**Task details**
Go to the line that contains "2010 Ford Expedition" in the listing below, then output it and every line after it exactly, omitting pictures.

╭─ Data for the task

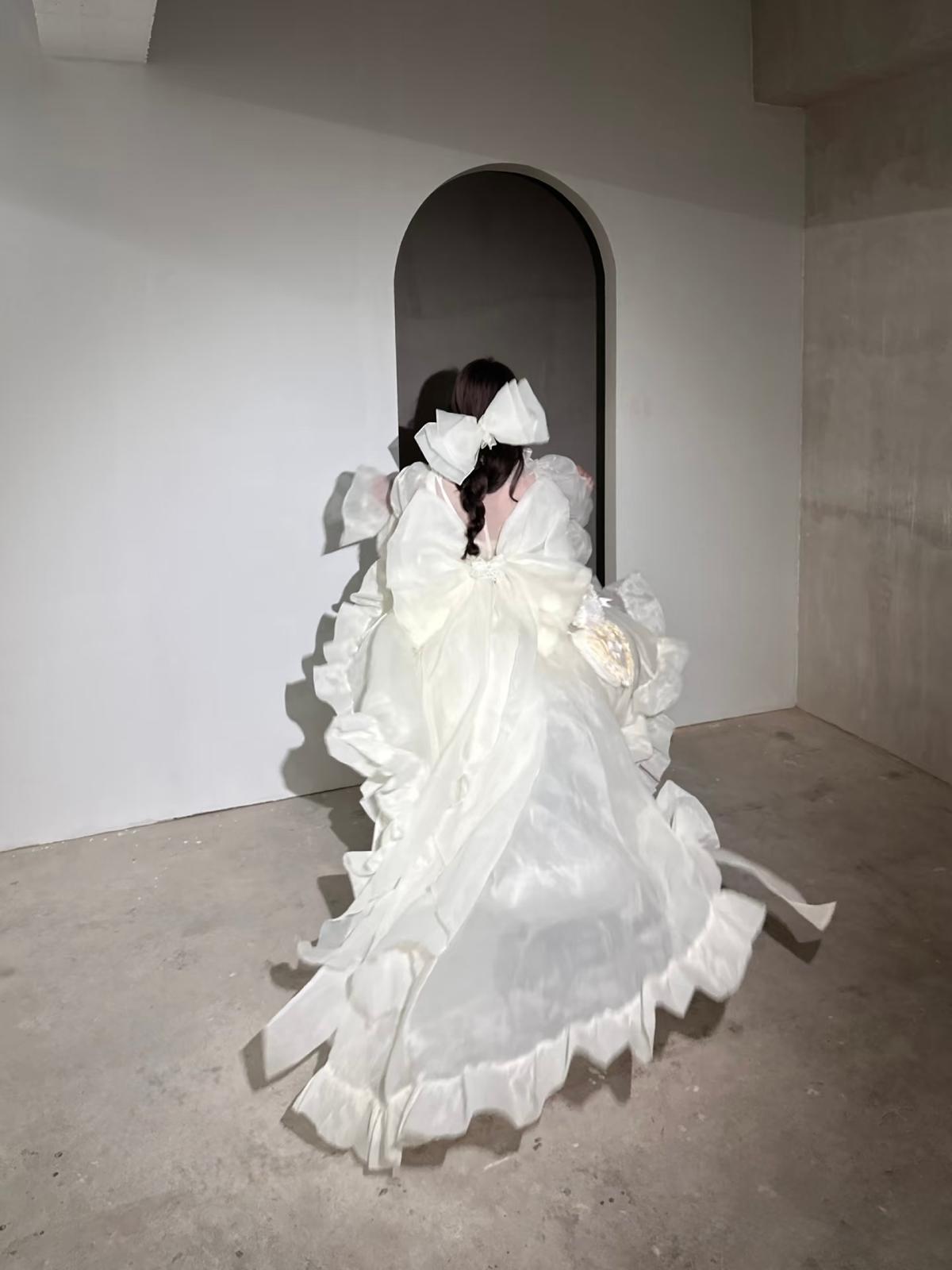 Innocent Spirit Yellow Outer Cape - PoshePose Global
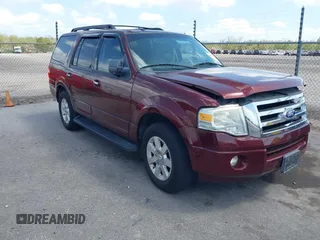 2010 Ford Expedition SSV с VIN 1FMJU1F59AEB71556, выставлен на аукционе IAAI как лот 41835402 с пробегом 149 850 миль миль и . История ставок и продаж доступна на DreamBid. Изображение 1.
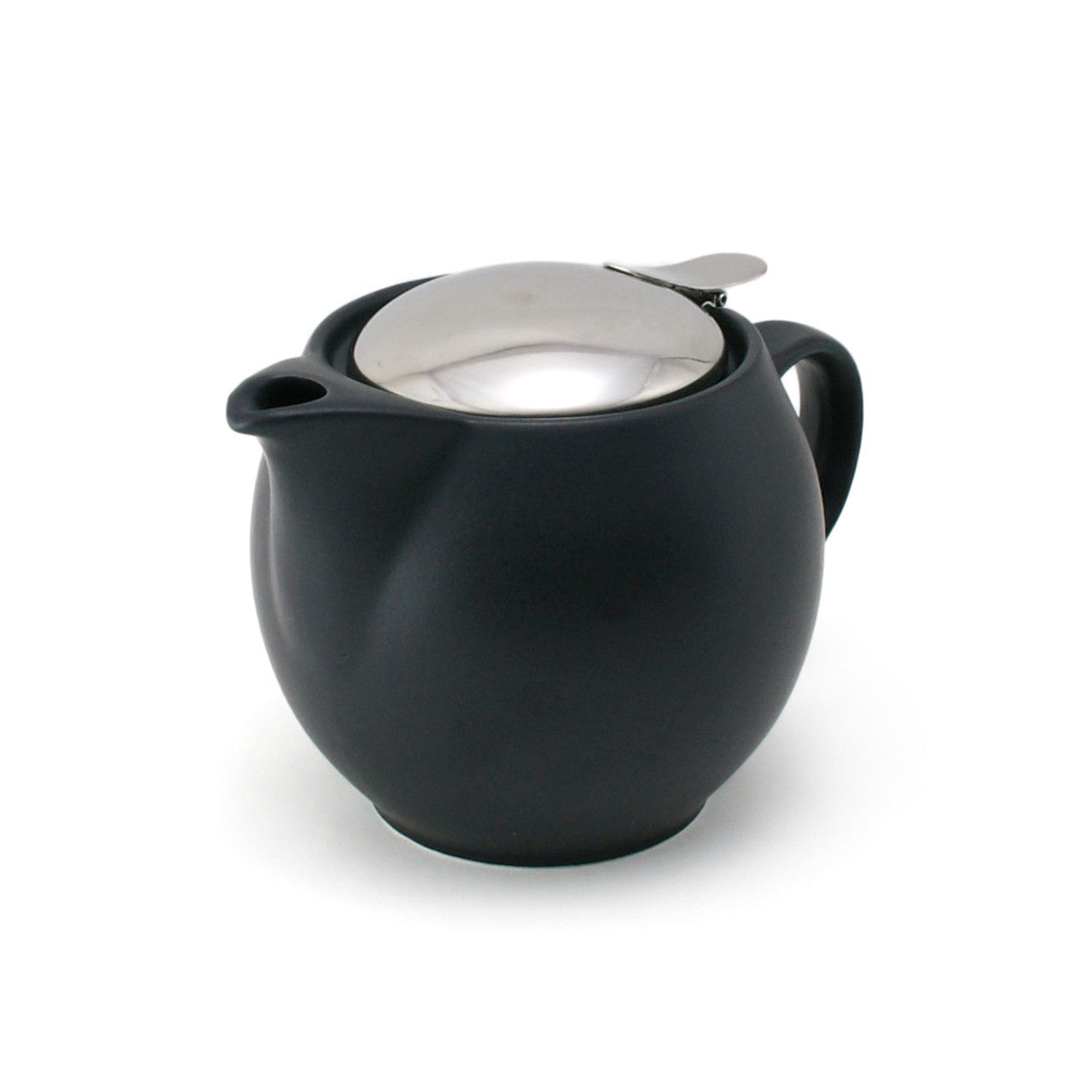 Zero Japan Nobu Black Universal Teapot 450ml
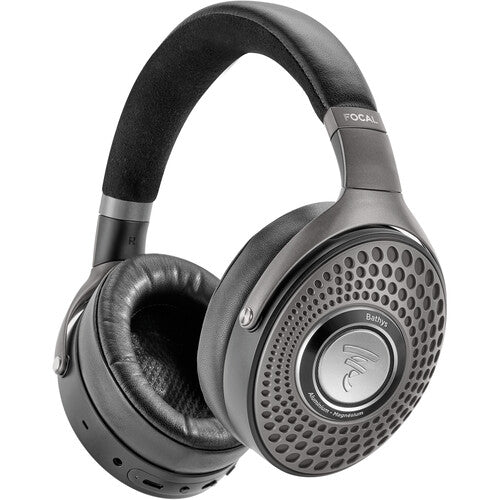 Clear Mg Headphones by Focal - JaguarAudio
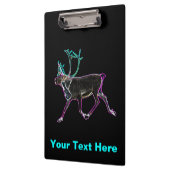 Porte-bloc Caribou électrique (Gauche)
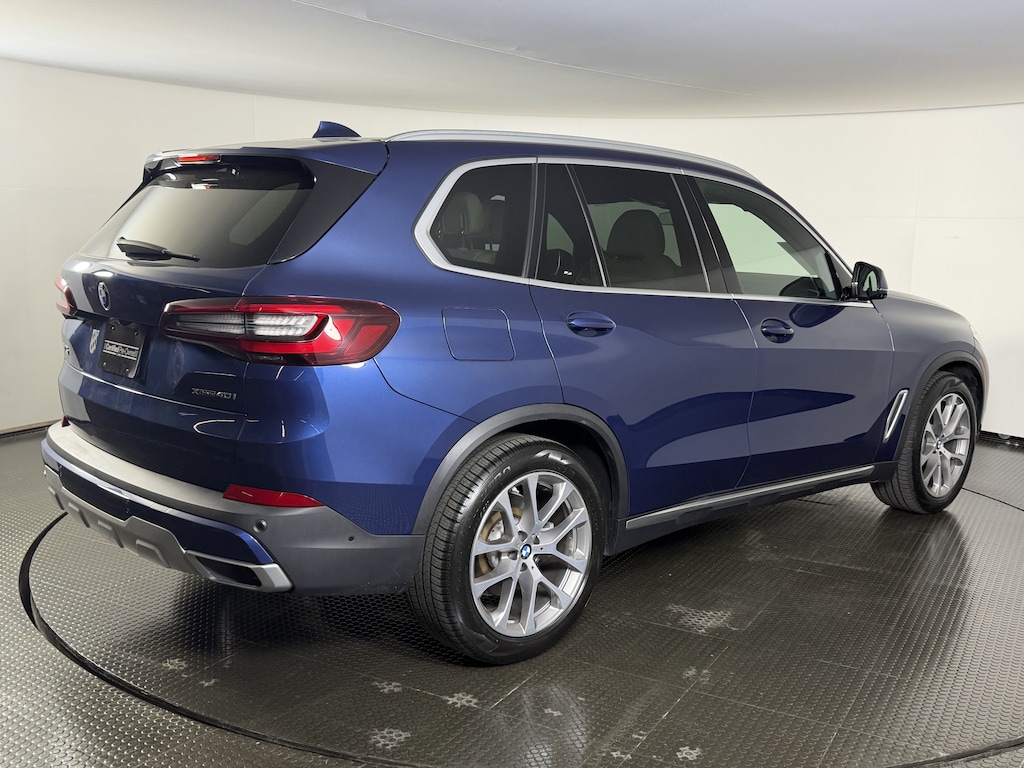 Certified 2022 BMW X5 xDrive40i xDrive40i Sports Activity Vehicle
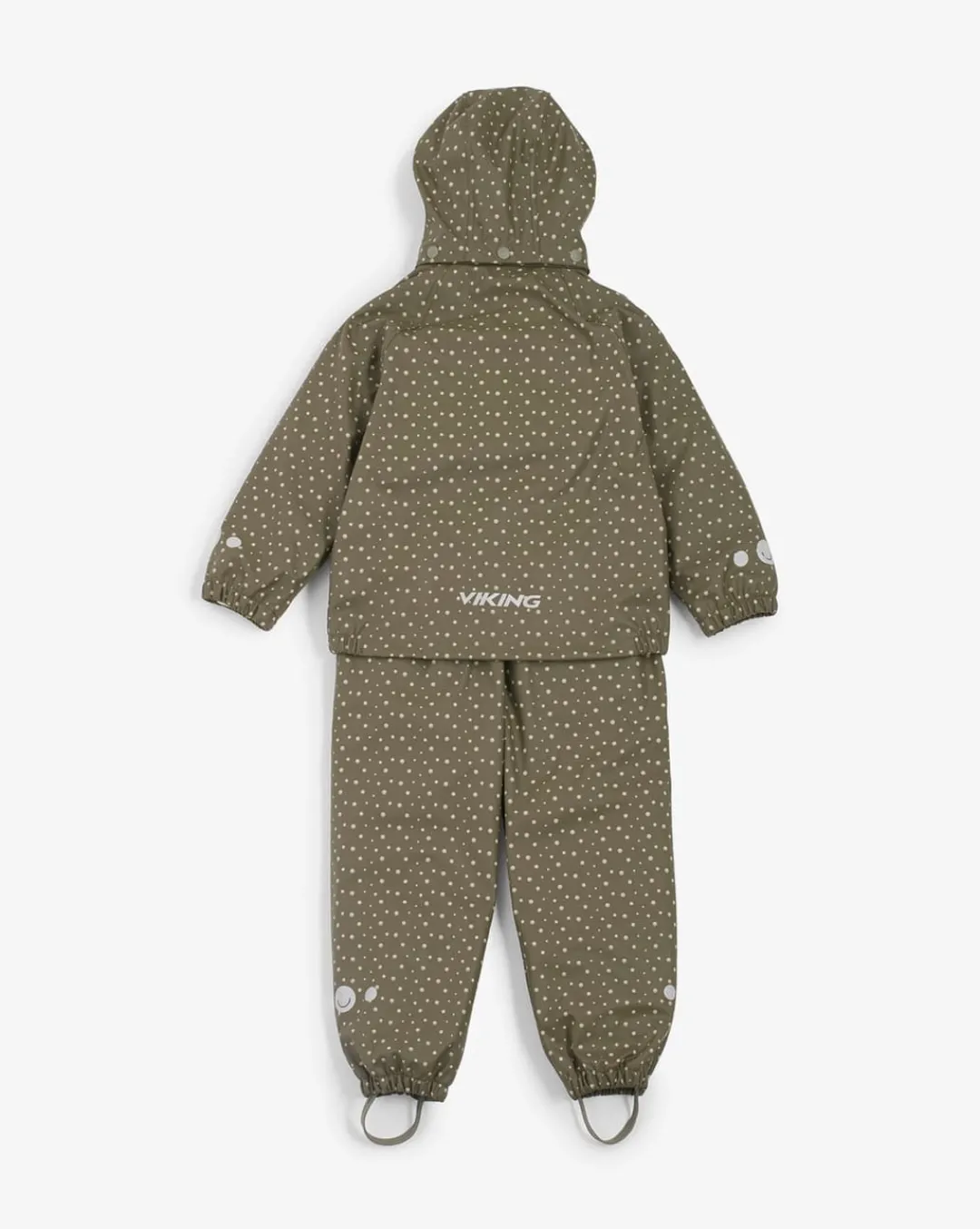 Viking Regnkläder>Jolly Print Rain Set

╰─

**Solution to this exercise**
 2010 Ford Expedition SSV с VIN 1FMJU1F59AEB71556, выставлен на аукционе IAAI как лот 41835402 с пробегом 149 850 миль миль и . История ставок и продаж доступна на DreamBid. Изображение 1.
 Zero Japan Nobu Black Universal Teapot 450ml
 Clear Mg Headphones by Focal - JaguarAudio
 Porte-bloc Caribou électrique (Gauche)
 Certified 2022 BMW X5 xDrive40i xDrive40i Sports Activity Vehicle
 Viking Regnkläder>Jolly Print Rain Set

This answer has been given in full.